* WHAT IS BEING ASKED *
Copy out word for word the line with "Ugg Sammy Knit" and the lines that follow it in the listing below, up to the final one.

* GIVEN DATA *
★ ★ ★ ★ ★ ★ ★

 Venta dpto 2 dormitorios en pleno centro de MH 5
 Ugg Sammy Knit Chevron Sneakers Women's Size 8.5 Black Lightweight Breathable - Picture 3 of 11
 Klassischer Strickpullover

★ ★ ★ ★ ★ ★ ★

* RESPONSE TO THIS TASK *
 Ugg Sammy Knit Chevron Sneakers Women's Size 8.5 Black Lightweight Breathable - Picture 3 of 11
 Klassischer Strickpullover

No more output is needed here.